Vertex fetch rate (RSX and Xenos)?

nAo said:
jvd said:
How efficent are pixel shaders at vertex shading ?
Very efficient.


:?:

Sorry, I don't understand how you do vertex shaders through the pixel shaders... :?: Would you or someone else mind explaining this a little bit? :)
 
Alstrong said:
nAo said:
jvd said:
How efficent are pixel shaders at vertex shading ?
Very efficient.


:?:

Sorry, I don't understand how you do vertex shaders through the pixel shaders... :?: Would you or someone else mind explaining this a little bit? :)
In Xenos, you don't have "pixel shaders doing vertex shading".

You have units, a bit more general purpose than surrent PS and VS, that can handle both.

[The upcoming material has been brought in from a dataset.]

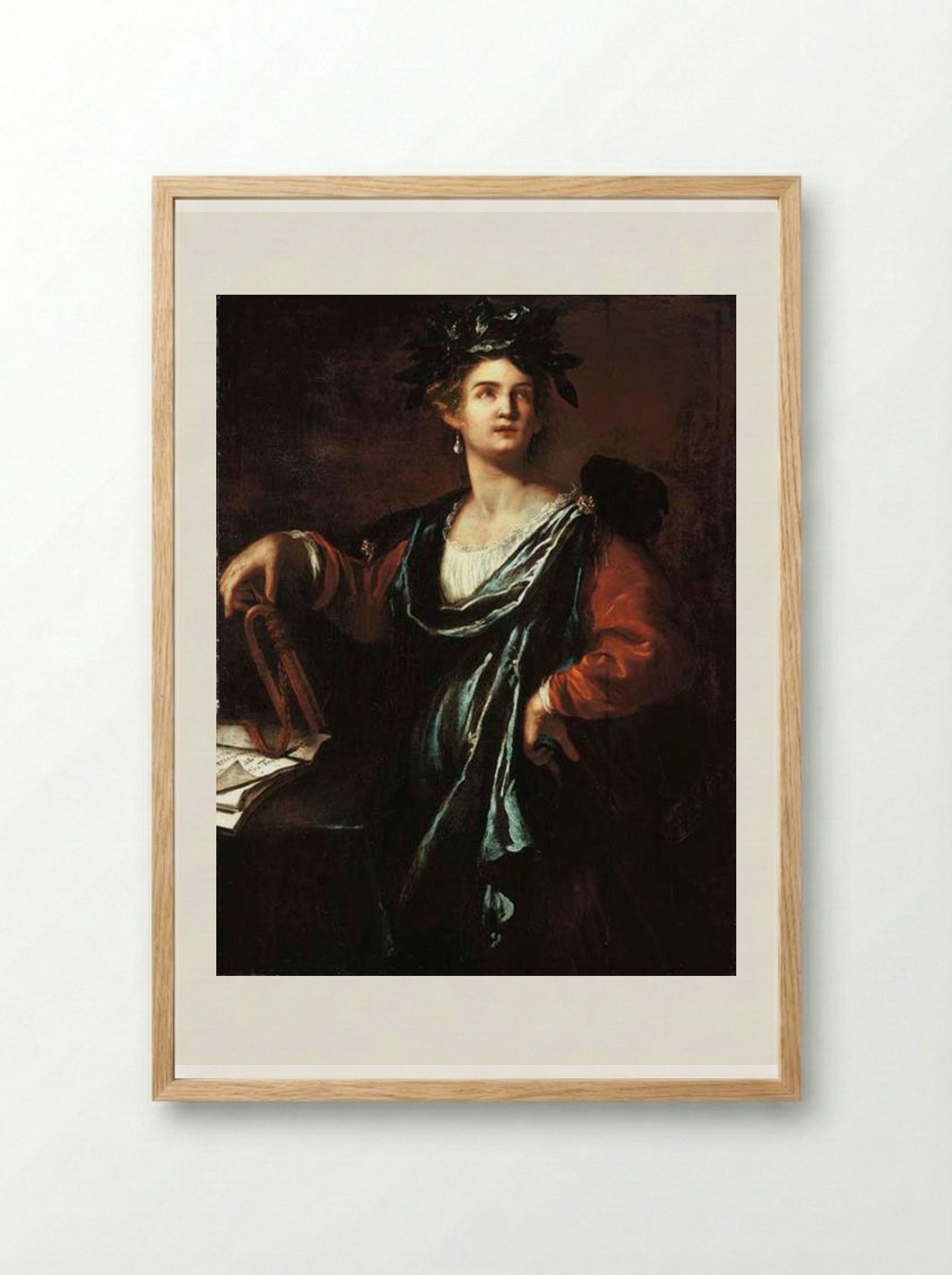 Clio, the Muse of History - Artemisia Gentileschi - Framed Print Wood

So i'm not sure it's correct to ask "how efficient is a PS at doing VS'ing" because, on current GPUs without unified shaders, that question wouldn't work cause pixel shaders only do pixel shading and vertex shaders only do vertex shading. And on Xenos, there are no pixel shaders or vertex shaders, there are "unified shaders" that can do both.

Now, if the question is "how efficient are the unified shaders in Xenos at PS'ing nad VS'ing?", then that's all down to speculation until we get a lot more informations and concrete results, which will come in the future.
 
Alstrong said:
Sorry, I don't understand how you do vertex shaders through the pixel shaders... :?: Would you or someone else mind explaining this a little bit? :)
Store your vertices in one or more textures and render a primitive with a 1:1 ratio between textures size and primitives size, fetch a vertex attributes from texture(s), shade it and output it in one or more render targets, according the number of output attributes a shaded vertex has to pass to a 'real' pixel shader.
 
ah.... l-b, yeah, I was thinking in the context of "how do you get the PS to do the VS on a conventional card." :oops: Thanks


And thank you, nAo :)
 
First it's so inefficient to use external memory and render-to-texture techniques and the required translation between formats as a data transport between PS and VS compared to the standard packed vertex formats, that to split up your vertex programs and use PS ALU's to help VS performance as nAo suggests would likely be slower than just letting the longer shaders run. And secondly most VS ops are on 4 components and the PS ALU's can only perform 3 component ops. I would be interested to know if anyone has tried this in a real game. It doesn't seem like it would be worth spending the time on.
 
But, back to my original question, I'm really looking to see if anyone thinks RSX will also get a "MEMEXPORT" like capability, as that would significantly increase the usefulness of the CELL <-> RSX connection. Otherwise, it still has numerous limitations. As Shifty said, it's probably too early to tell, but I didn't know if anyone had seen or heard of any such capability.
 
Rockster said:
I stand corrected, apparently NV's pixel shader ALU's can issue a vec4 op, ATI's cannot.
ATIs pixel shaders can issue vec4 ops too. In fact, I seem to remember that each ALU could issue one vec4 + one scalar op. I might be mistaken though.
 
I thought MEMEXPORT was just a fancy name for saying that Xenos has unrestricted memory access. Doesn't RSX have access to the full 512mb of RAM?

What's the diff.?
 
Gholbine said:
I thought MEMEXPORT was just a fancy name for saying that Xenos has unrestricted memory access. Doesn't RSX have access to the full 512mb of RAM?

What's the diff.?
http://www.beyond3d.com/forum/viewtopic.php?t=24993&postdays=0&postorder=asc&start=40

DeanoC said:
The difference between render target writes and MEMEXPORT is that MEMEXPORT uses no coherancy patterns to dictate the data output. For example a vertex shader on Xenon can do this

MEMEXPORT TO Address(0), Val0
MEMEXPORT TO Address(10000), Val1
MEMEXPORT TO Address(2344), Val2
MEMEXPORT TO Address(9990), Val3
And still write fragments via the pixel shader to EDRAM

To do the same thing using a conventional rasterisor would involve 5 seperate triangles (one for each memory write). Thats a vast difference for many GPGPU operations, any GPU can do MEMEXPORT like function but by using lots and lots of triangles...

It basically allows full scatter/gather memory functions, the major difference between CPU and GPUs.